The listing below is to be given again in full and word for word, without its images.

§ **Dataset extract**:
------------

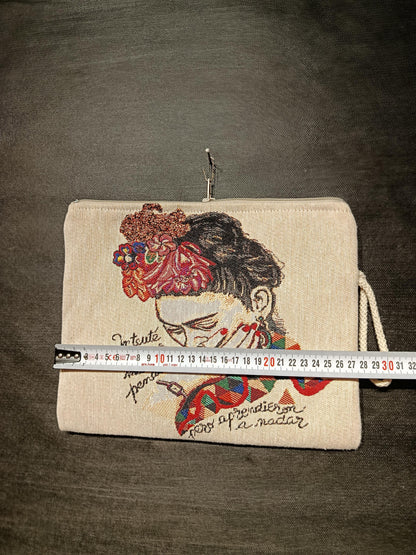 Frida Kahlo Tapestry Clutch: Floral Crown Art Pouch, Handmade in Türkiye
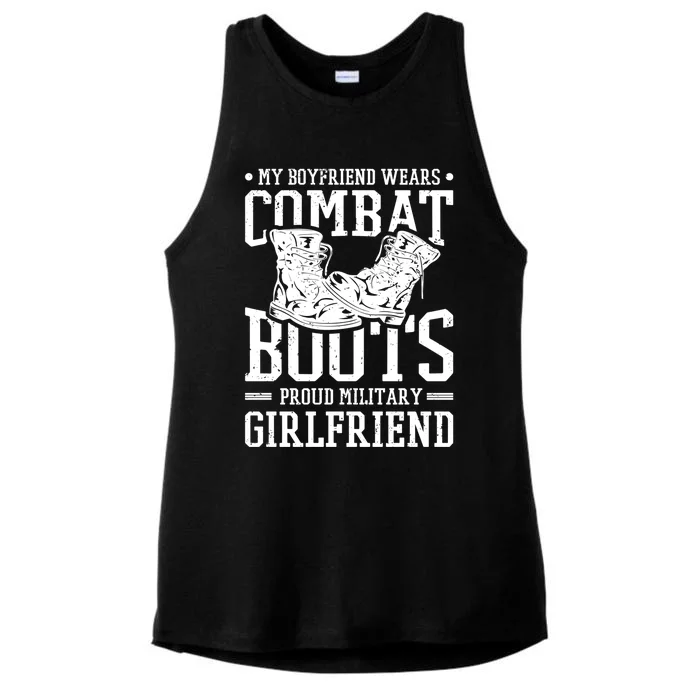 Military Wears Combat Boots Proud Army Friend Gift Ladies Tri-Blend Wicking Tank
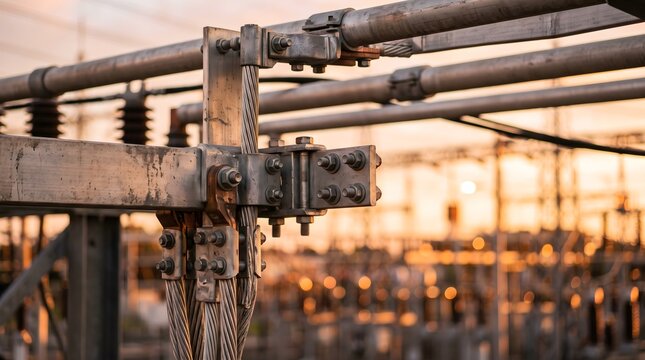 Detail Shot of Overhead Busbars and a Bolted Aluminum Connector at an Electrical Substation With a Blurred Switchyard in Golden Hour Light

------------

§ **Answer**:
 Frida Kahlo Tapestry Clutch: Floral Crown Art Pouch, Handmade in Türkiye
 Military Wears Combat Boots Proud Army Friend Gift Ladies Tri-Blend Wicking Tank
 Detail Shot of Overhead Busbars and a Bolted Aluminum Connector at an Electrical Substation With a Blurred Switchyard in Golden Hour Light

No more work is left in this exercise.